**WHAT TO PRODUCE**
Pictures excluded, return the lines below from the first through the line holding "4590 SW 111th Pl., Ocala, FL 34476".

**MATERIAL FOR THIS EXERCISE**
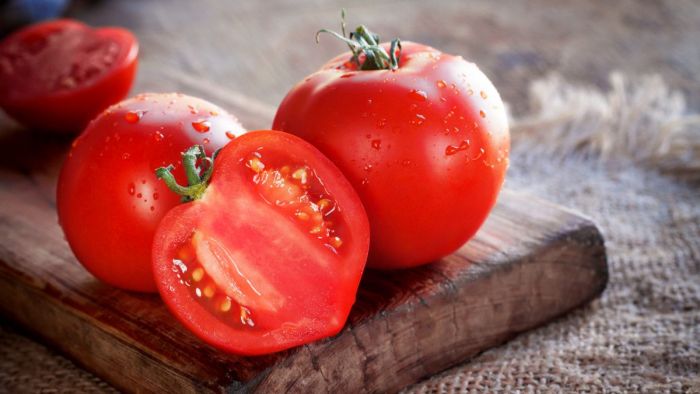 Inilah Konsekuensinya Jika Terlalu Banyak Mengonsumsi Tomat!-Image-1
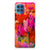 Hoesje maken Motorola Moto G100 Tulips B2C Telecom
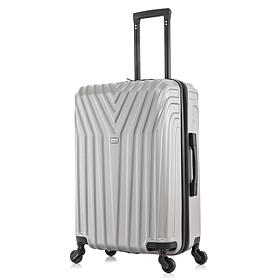InUSA Vasty Hardside 24" Spinner Medium Lightweight Luggage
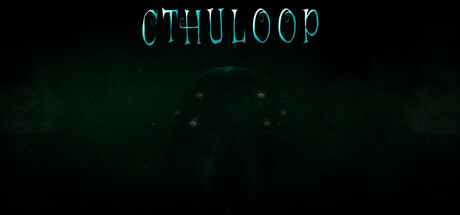 Cover art from Cthuloop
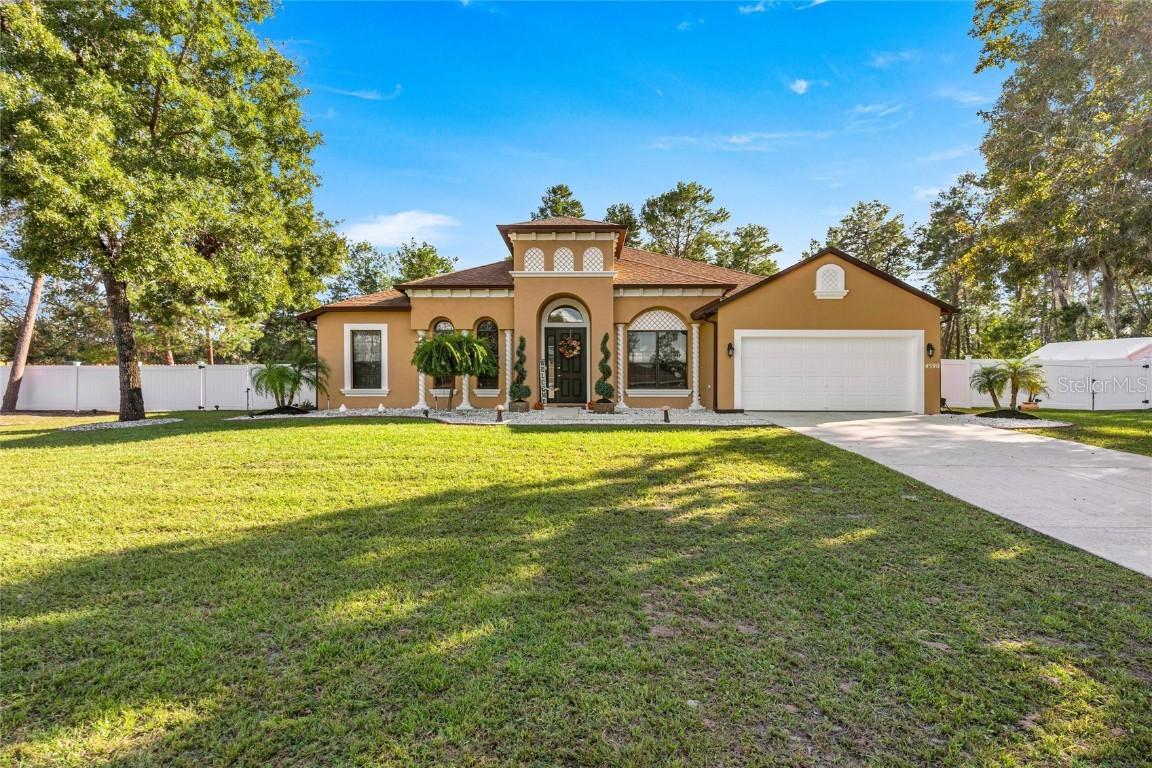 4590 SW 111th Pl., Ocala, FL 34476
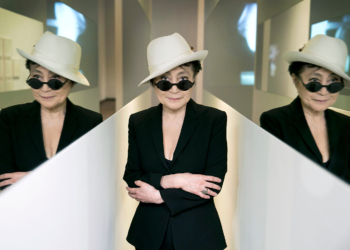 Yoko Ono Sergisi, Haziran’da Sakıp Sabancı Müzesi’nde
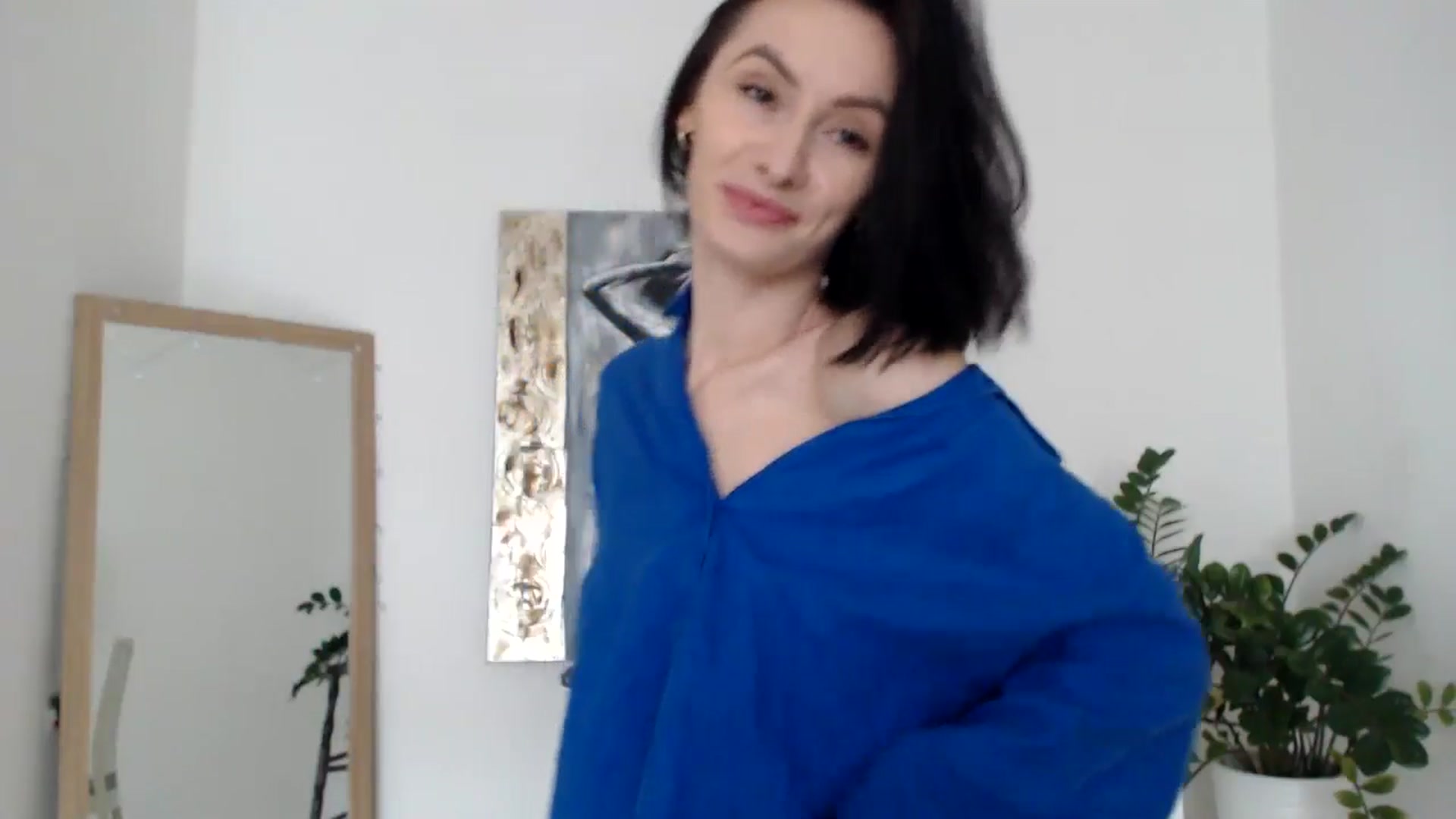 Gallery image thumbnail from the_realpearl's myfreecams stream on, 02/16/2025, 13:04 image 20 of 20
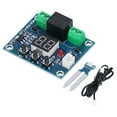 thumbnail image 2 of Humidity Moisture Controller Module HCW-M214 12V Soil Digital Humidity Sensor Controller Board for Automatic Watering System, 2 of 7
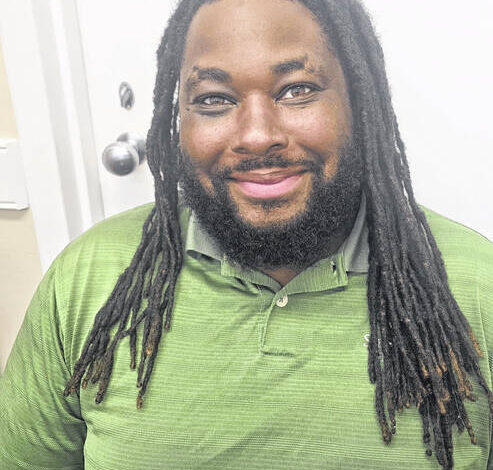 Anthony Goodman Takes Helm as New Sports Editor at Sampson Independent
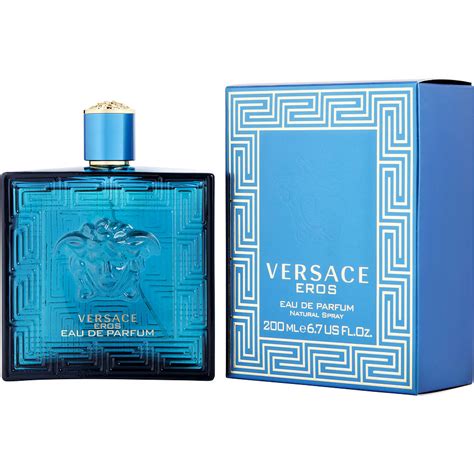 eros versace 200 ml edp|versace eros cost.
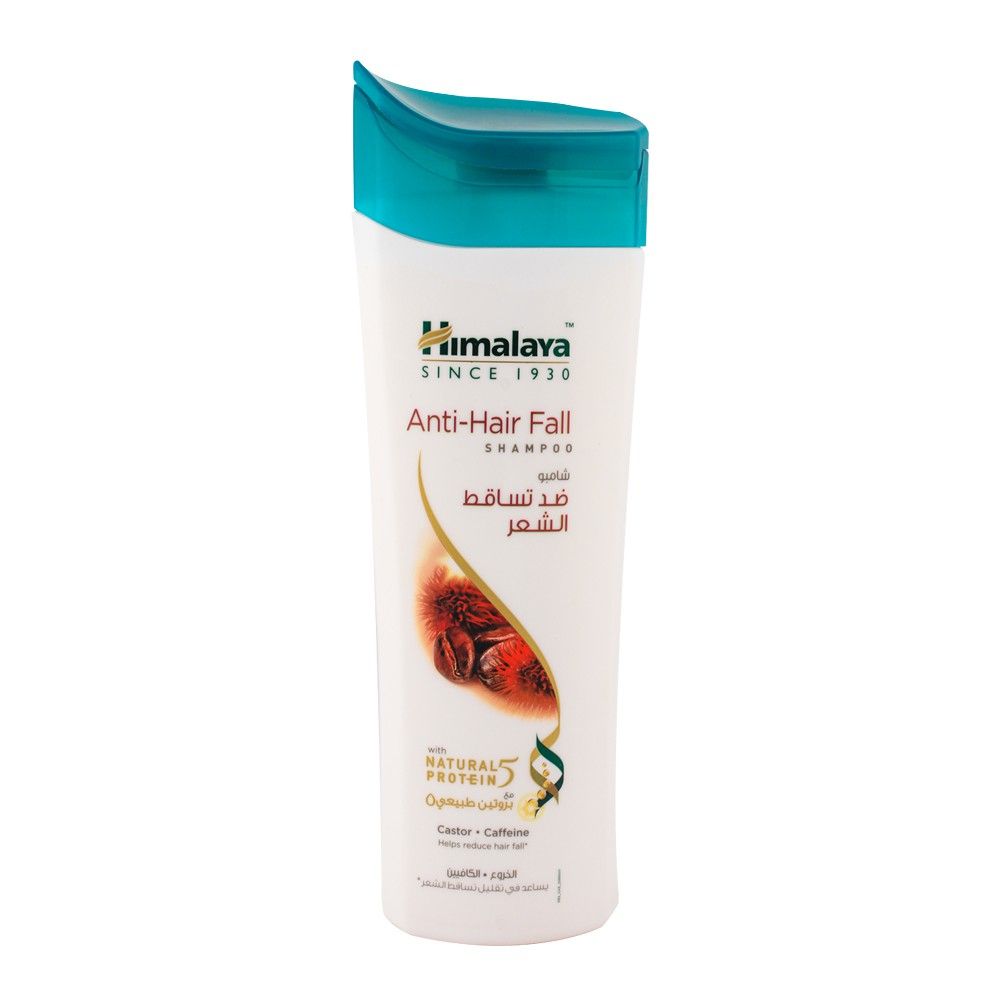 Himalaya Anti Hair Fall Shampoo United Arab Emirates 400ml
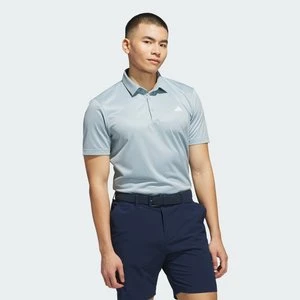 Core Allover Print Polo Shirt Adidas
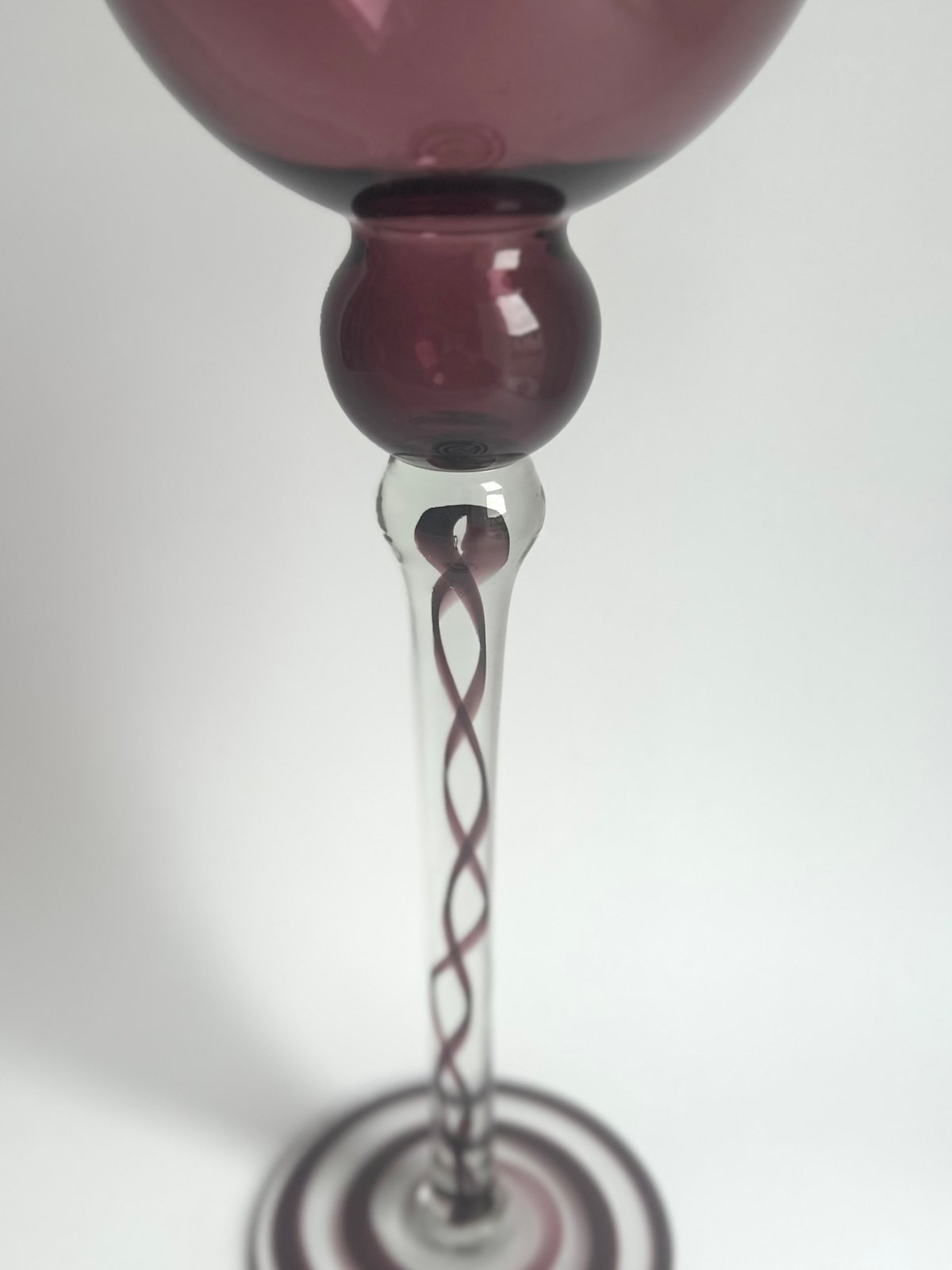Candle holder｜Krosno｜Jozefina｜ポーランド | roi home｜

**OUTPUT OF THE EXERCISE**
 Inilah Konsekuensinya Jika Terlalu Banyak Mengonsumsi Tomat!-Image-1
 Hoesje maken Motorola Moto G100 Tulips B2C Telecom
InUSA Vasty Hardside 24" Spinner Medium Lightweight Luggage
 Cover art from Cthuloop
 4590 SW 111th Pl., Ocala, FL 34476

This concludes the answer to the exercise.